===== RECORD EXCERPTS

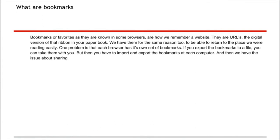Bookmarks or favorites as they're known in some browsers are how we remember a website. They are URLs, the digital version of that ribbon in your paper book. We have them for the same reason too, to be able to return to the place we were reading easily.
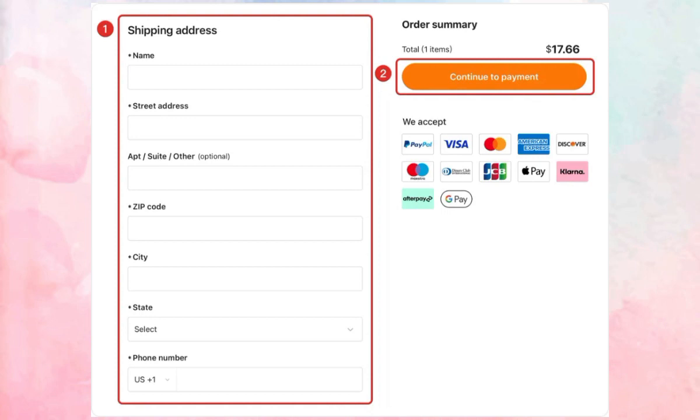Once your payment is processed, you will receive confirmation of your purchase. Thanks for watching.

==========
===== RECORD EXCERPTS

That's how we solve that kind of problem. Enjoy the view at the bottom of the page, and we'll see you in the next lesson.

==========

## PROMPT
Once the line with "Bookmarks or favorites" has been found above, output that line and every later line exactly, stopping after the line with "Once your payment", and omit the pictures.

## RESULT
Bookmarks or favorites as they're known in some browsers are how we remember a website. They are URLs, the digital version of that ribbon in your paper book. We have them for the same reason too, to be able to return to the place we were reading easily.
Once your payment is processed, you will receive confirmation of your purchase. Thanks for watching.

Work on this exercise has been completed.